# Aprender como funciona un amplificador de audio



## rulfo (Ago 20, 2018)

Buenas. 
La idea es aprender  para los que no sabemos a distinguir distintas partes y la funcion de cada una de ellas en un amplificador, he cogido el siguiente esquema que pienso que para empezar es bastante sencillo, yo describiré lo poco que se, empezando por la entrada de audio nos encontramos un condensador de 1uf y una resistencia de 22k esto lo formaría un pequeño filtro para las frecuencias altas, a continuación tenemos los transistores bc557 que forman el par diferencial que lo poco que se es que siempre deben de estar apareado, con una ganancia lo más parecido posible entre ellos de no ser así podemos tenemos una mayor tensión de osffet (tensión de salida hacia los altavoces) incluso un consumo elevado, a continuación tenemos una resistencia de 4k7 y un condensador de 10uf de esta parte creo que se le llama desacople poco más puedo decir, tenemos d1 y d2 (diodos 1n4148) esta parte pienso que es para regular el Bias (corriente que circula por los amplificadores finales) si tenemos un Bías excesivo podemos añadir algún diodo más para bajar el valor, tenemos Q1 (Bd140) y Q4 (BD139) que serie los encargados de excitar a los dos transistores finales que serían Q2 (tip 3055) yQ3 (TIP2955) tenemos ya en la salida una resistencia de 10r en serie con un condensador de 100nf unido a tierra pienso que esta parte es la llamada Red de zobel y sería para filtrar frecuencias altas, ya poco más puedo decir de las demás partes, como modificar para variar el osffet , función de las demás resistencias, mejoras que se pueden añadir, modificar filtros como y para que, la funcion de Q5, todo lo que puedan añadir estaría bien para ir aprendiendo. 

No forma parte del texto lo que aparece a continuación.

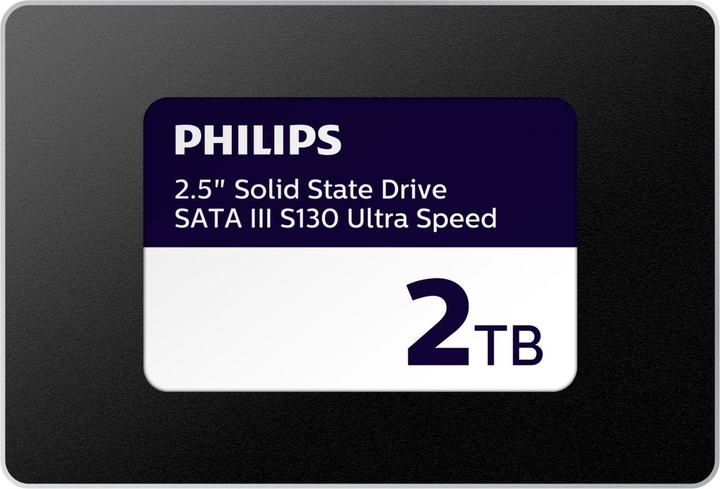 Image du produit Philips Internal SSD 2TB 2.5 SATA III S130 Ultra Speed (2000 Go, 2.5")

Disculpen por todos los errores que he podido cometer, y para los Moderadores dísculpen si el tema nos es el apropiado. 

Gracias y saludos.

	Mensaje automáticamente combinado: Ago 20, 2018


----------



## DJ T3 (Sep 10, 2018)

Yo tampoco se mucho, aunque lo entiendo a mi manera.
Para completar;
R8 (22K) junto al capacitor C3 (1uF), es donde se calcula la impedancia de entrada, que seria alrededor de 22K, no?.

R7 (100K) junto a la serie R6 (4K7) y C1 (10uF) son la realimentacion... Negativa?

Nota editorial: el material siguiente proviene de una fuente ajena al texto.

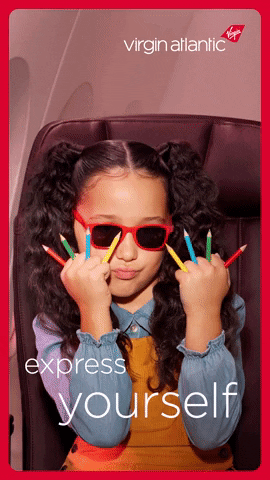 Express Yourself Omg GIF by Virgin Atlantic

Creo que Q5 (BD139) es una fuente de corriente, es asi?.

Bueno, espero no haberle errado mucho.


----------



## pandacba (Sep 10, 2018)

C3 determinara la la banda de frecuencia que amplifcara, para AC es un cortocircuito 22k polarizan la base y en conjunto marcan la impedancia de entrada, pero la impedancia de entrada que vera variara si ponemos un potenciometro....

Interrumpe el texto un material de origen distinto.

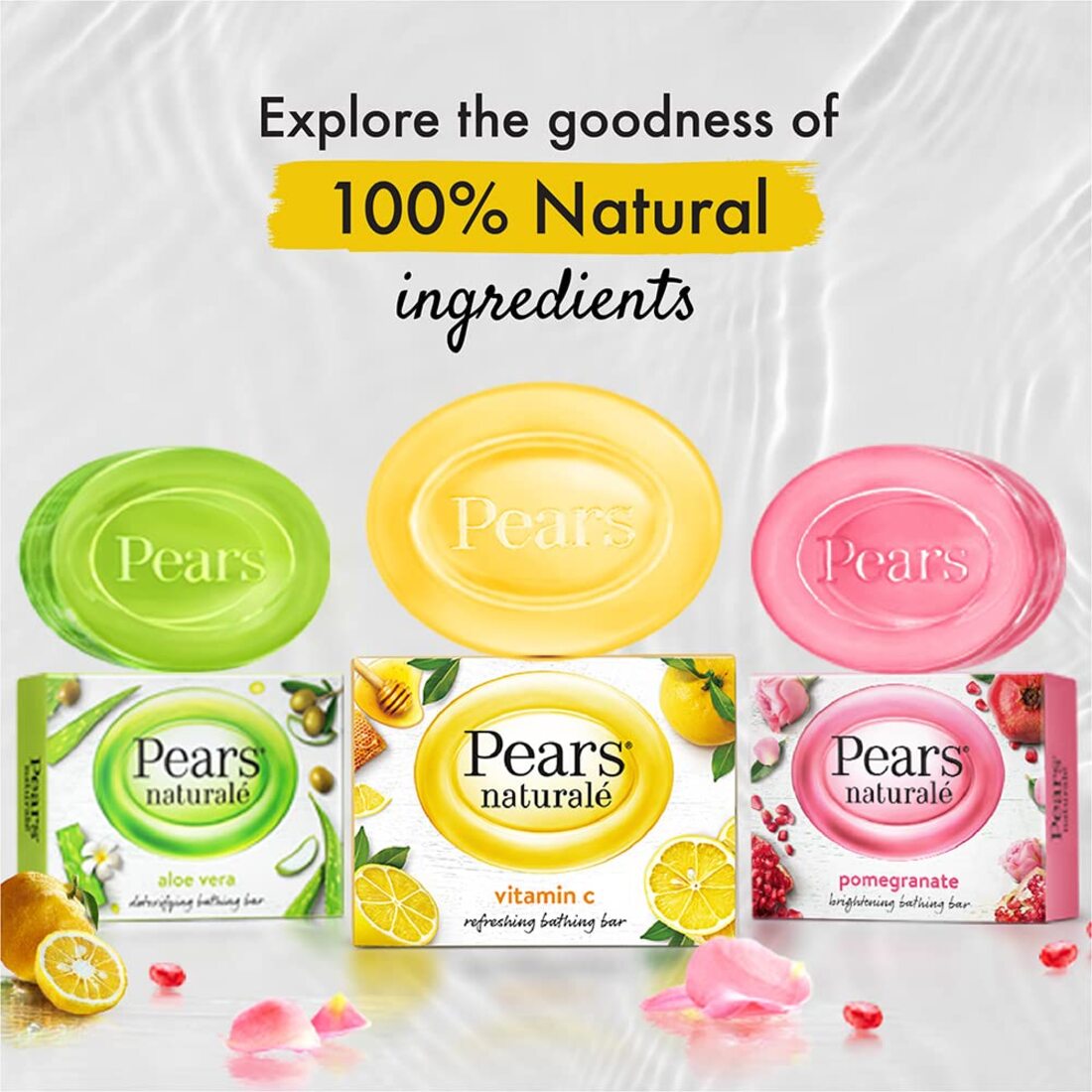 Pears Naturalé Vitamin C Refreshing Soap Bar 125g Without Box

R7 y R6 determinan forman parte de la red de realimentación y fijan la ganancia de tensión, 100/4.7 alrededor de 21.
Q5 no es una fuente de corriente de corriente para nada, por el contrario es pre driver en clase A consituye la salida del par diferencial, en su colector deberia haber 4 diodos para que trabaje en Clase AB, si solo hay dos trabajaría en clase B, son 4 diodos porque tiene salida complementaria, si fuera cuasicomplementaria necesitaria solo 3 diodos y una R.

Una fuente de corriente tiene la tensión fija ya sea mediante un zener o un par de diodos


----------



## rulfo (Oct 3, 2019)

pandacba dijo:


> C3 determinara la la banda de frecuencia que amplifcara, para AC es un cortocircuito 22k polarizan la base y en conjunto marcan la impedancia de entrada, pero la impedancia de entrada que vera variara si ponemos un potenciometro....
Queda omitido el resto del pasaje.